The matter was talked over and “Billy the Kid” agreed to switch over from the Murphy-Dolan faction. Tunstall at once put him under wages and told him to make his headquarters at their cow-camp on the Rio Feliz, which flowed into the Pecos from the west.
Now the “Kid” rode back to camp and told the dozen cowboys there of his new deal. They tried to persuade him of his mistake, but his mind was made up and couldn’t be changed.
In the argument, Baker abused the “Kid” for going back on his friends. This came very near starting a little war in that camp. The “Kid” made Baker back down when he offered to shoot it out with him on the square.

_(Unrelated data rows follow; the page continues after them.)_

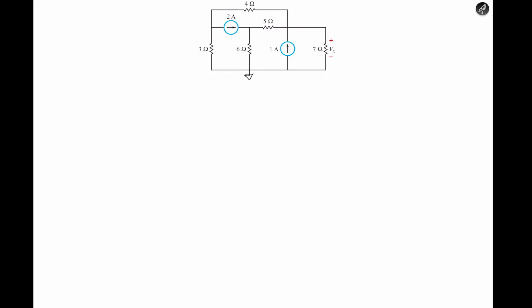As always, we know that KCL at a terminal is basically a current equation. So this would be I1, this could be I2, and this could be I3, and I2 would equal 2 amperes and so on. Let's name the terminals first so we can have a clear understanding. We name from left to right: V1, V2, V3.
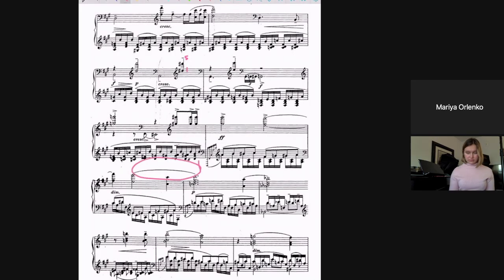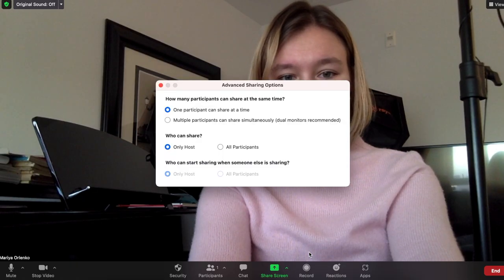I use ForScore on my iPad, so whether I'm quickly writing in fingering, showing phrasing, or writing anything score-specific, my iPad always comes in handy. This goes both ways — if your student wants to show you something in their score and they have an iPad or tablet, encourage them to screen share too. Log in with your iPad to the Zoom call as a third participant, then screen share directly from your iPad while you write fingerings, phrasing, etc. The main thing is to make sure you enable screen sharing for all participants, and you're all set.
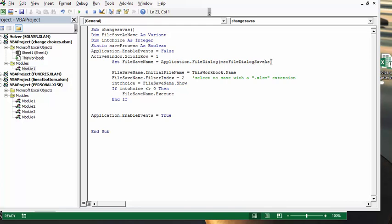Save as file name, the initial file name is going to be whatever the workbook name is. And then this is where it's going to save it as Excel SM extension. So file name save file save name dot filter index equals two, and that will bring up your save as macro enabled file choices.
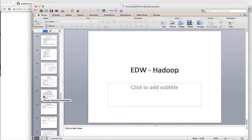Hello friends, this is Durga again from TechnologyMentor.itversity. As part of building an Enterprise Data Warehouse using the Hadoop ecosystem, so far we have covered creating databases using Hive, creating tables using Hive, loading data using Sqoop and Hive, and also how we can actually come up with an ETL process leveraging Hive.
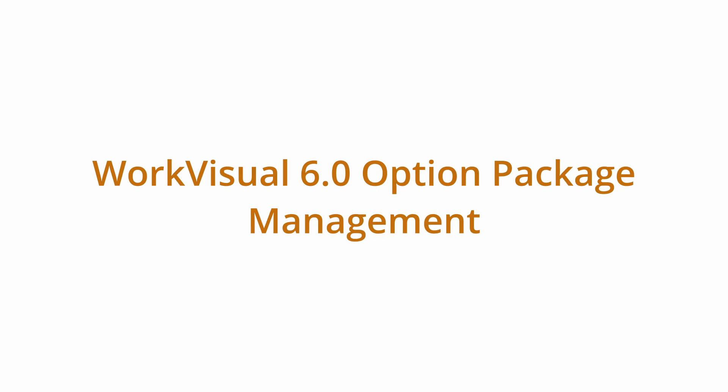Hello, welcome back to another WorkVisual tutorial video. In this video, we will show how to handle KUKA option packages in WorkVisual. This includes installation and management of packages and profiles.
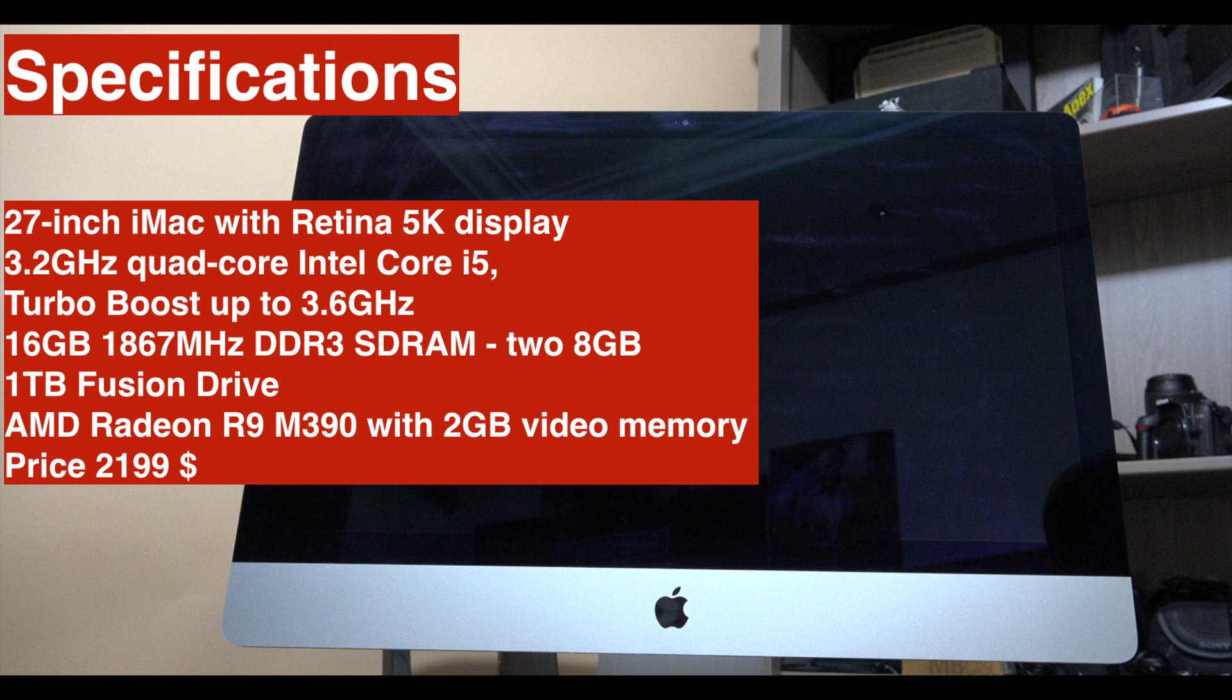For the graphics card it is AMD Radeon R9 M390 with 2 gigabytes video memory. The price is $2,200 and I highly recommend to go for this machine and from there you can start and look for upgrade options.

Before riding away on his faithful “Gray,” the “Kid” expressed regrets at having to fight against his chum Jesse Evans, in the future.
At the Rio Feliz cow camp, the “Kid” made friends with all the cowboys there, and with Tunstall and McSween, when he rode into Lincoln to have a good time at the Mexican “fandangos” (dances.)
A few “killings” took place on the Pecos river during the fall, but “Billy the Kid” was not in these fights.
In the early part of December, 1877, the “Kid” received a letter from his Mexican chum whom he had liberated from the jail in San Elizario, Texas, Melquiades Segura, asking that he meet him at their friend’s ranch across the Rio Grande river, in Old Mexico, on a matter of great importance.
Mounted on “Gray,” the “Kid” started. Meeting Segura, he found that all he wanted was to share a bag of Mexican gold with him.
While visiting Segura, a war started in San Elizario over the Guadalupe Salt Lakes, in El Paso County, Texas.
These Salt Lakes had supplied the natives along the Rio Grande river with free salt for more than a hundred years. An American by the name of Howard, had leased them from the State of Texas, and prohibited the people from taking salt from them.